The data

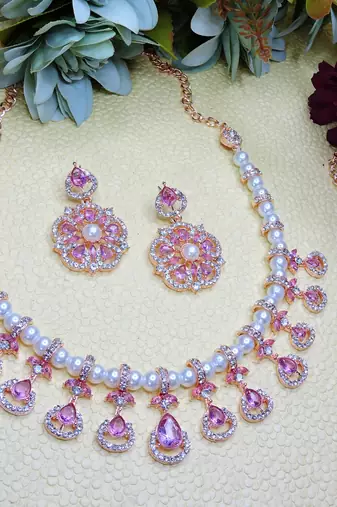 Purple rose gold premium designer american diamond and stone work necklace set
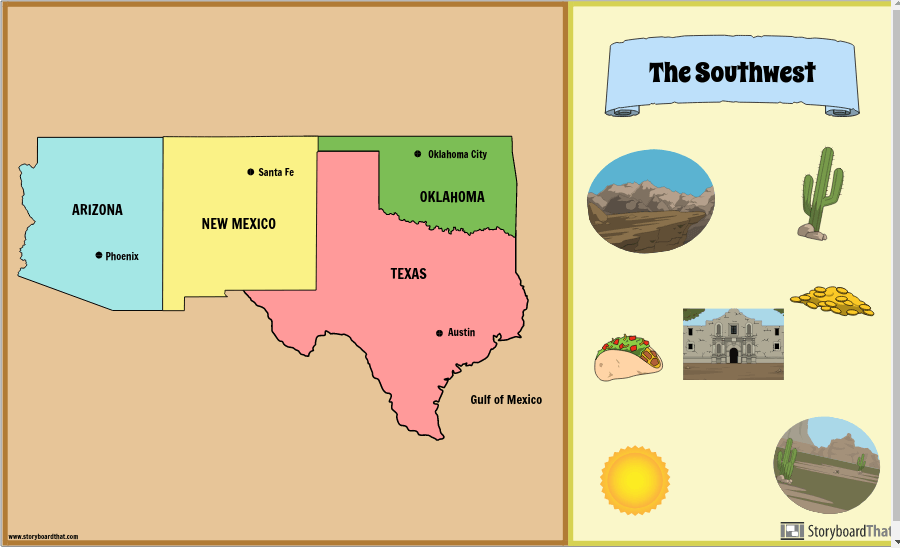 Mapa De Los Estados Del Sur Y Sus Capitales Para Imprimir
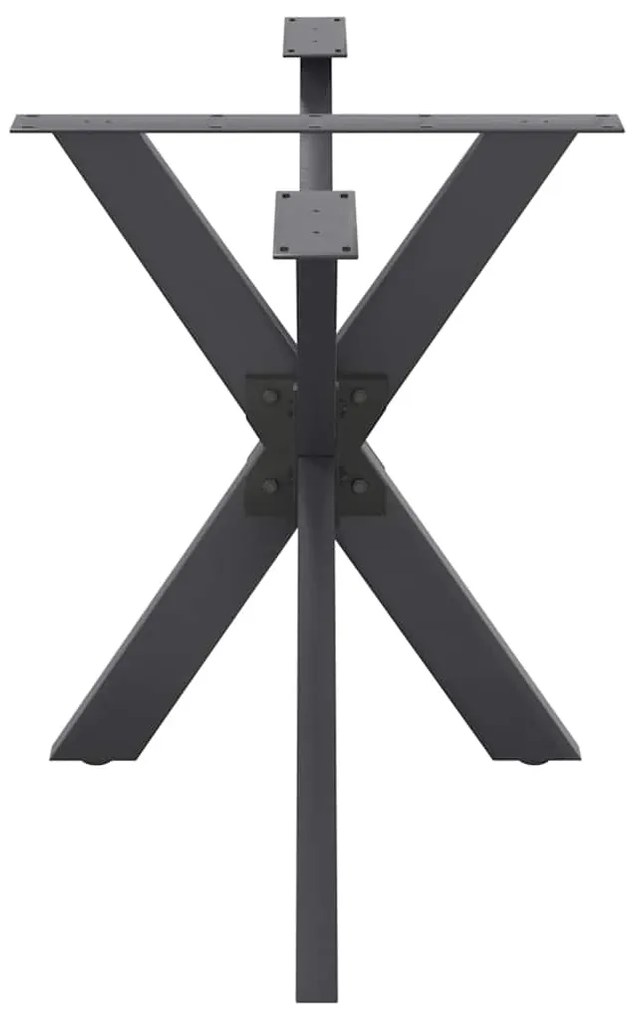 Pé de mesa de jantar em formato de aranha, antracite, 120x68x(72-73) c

Task prompt
From the first line to the last, repeat the material exactly, but drop the pictures.

Solution to this problem
 Purple rose gold premium designer american diamond and stone work necklace set
 Mapa De Los Estados Del Sur Y Sus Capitales Para Imprimir
 Pé de mesa de jantar em formato de aranha, antracite, 120x68x(72-73) c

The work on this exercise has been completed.